Andy and James: thanks for the help. I can clearly see that I don't
have a strictly weak ordering.

Given that I need to sort the list as specified above, is there any
STL (doesn't seem so) or Boost (not as family with this library set,
although I use parts of it) sorting algorithm that relaxes this
requirement or will I need to grab myself a sorting algorithm and
modify it for my needs. Clearly one can properly sort a list without
this requirement (i.e., where equality is treated as a special case).
I'm a big fan of not reinventing the wheel, but perhaps it is
necessary in this case.

Thanks for the help.

Cheers,
Donovan

 

[peter koch]

Hello,

Andy and James: thanks for the help.
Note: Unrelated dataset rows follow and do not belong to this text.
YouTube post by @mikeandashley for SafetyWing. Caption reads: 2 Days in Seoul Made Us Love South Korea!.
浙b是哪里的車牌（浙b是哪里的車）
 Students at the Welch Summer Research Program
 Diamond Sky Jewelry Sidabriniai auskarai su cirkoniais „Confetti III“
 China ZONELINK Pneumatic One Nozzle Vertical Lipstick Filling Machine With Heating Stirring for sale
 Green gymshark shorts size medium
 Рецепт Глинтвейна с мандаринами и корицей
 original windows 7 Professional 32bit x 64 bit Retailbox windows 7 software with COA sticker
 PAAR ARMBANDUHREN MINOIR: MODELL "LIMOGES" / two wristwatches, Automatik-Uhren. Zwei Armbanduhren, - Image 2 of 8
I can clearly see that I don't
have a strictly weak ordering.

Given that I need to sort the list as specified above, is there any
STL (doesn't seem so) or Boost (not as family with this library set,
although I use parts of it) sorting algorithm that relaxes this
requirement or will I need to grab myself a sorting algorithm and
modify it for my needs. Clearly one can properly sort a list without
this requirement (i.e., where equality is treated as a special case).
I'm a big fan of not reinventing the wheel, but perhaps it is
necessary in this case.

First: Don't toppost - I've rearranged the post. Now back to topic:
There is no reason whatsoever not to make your ordering strictly weak,
so just do that and use a standard sorting routine.

/Peter

 

[peter koch]

Actually, I do have a relevant point.   No.
He said "Specifically, I wish to
sort these objects by a double field unless they are equal".  I wish to
point out that "equal" is not a reliable measure for floating point
numbers.

That is wrong.

 Only when he has answered that is it worth considering
strictly weak ordering and the secondary key.

And this is also wrong.

/Peter

 

[Kai-Uwe Bux]

Hello,

Thanks for all the replies. Based on the replies it sounds like there
is something about how the comparison function needs to be written
that I don't understand. The relevant code is as follows: [snip]
bool HeuristicSorterPredicate(HeuristicSorter elem1, HeuristicSorter
elem2)
{
if(elem1.heuristicValue < elem2.heuristicValue)
return true;
else if(elem1.heuristicValue > elem2.heuristicValue)
return false;
else
{
if(elem1.degree % 2 == 1)
return true;

return false;
}
}

[snip]

The following would be a strict weak order:

bool HeuristicSorterPredicate ( HeuristicSorter elem1,
HeuristicSorter elem2 ) {
if ( elem1.heuristicValue < elem2.heuristicValue ) {
return true;
}
if ( elem1.heuristicValue > elem2.heuristicValue ) {
return false;
}
if( ( elem1.degree % 2 ) > ( elem2.degree % 2 ) ) {
return true;
}
return false;
}

Is there a reason not to use this one?


Best

Kai-Uwe Bux

 

[Kai-Uwe Bux]

I don't want to start a flame-fest here Peter, but it's generally known
that a floating point number is an approximation to an actual value.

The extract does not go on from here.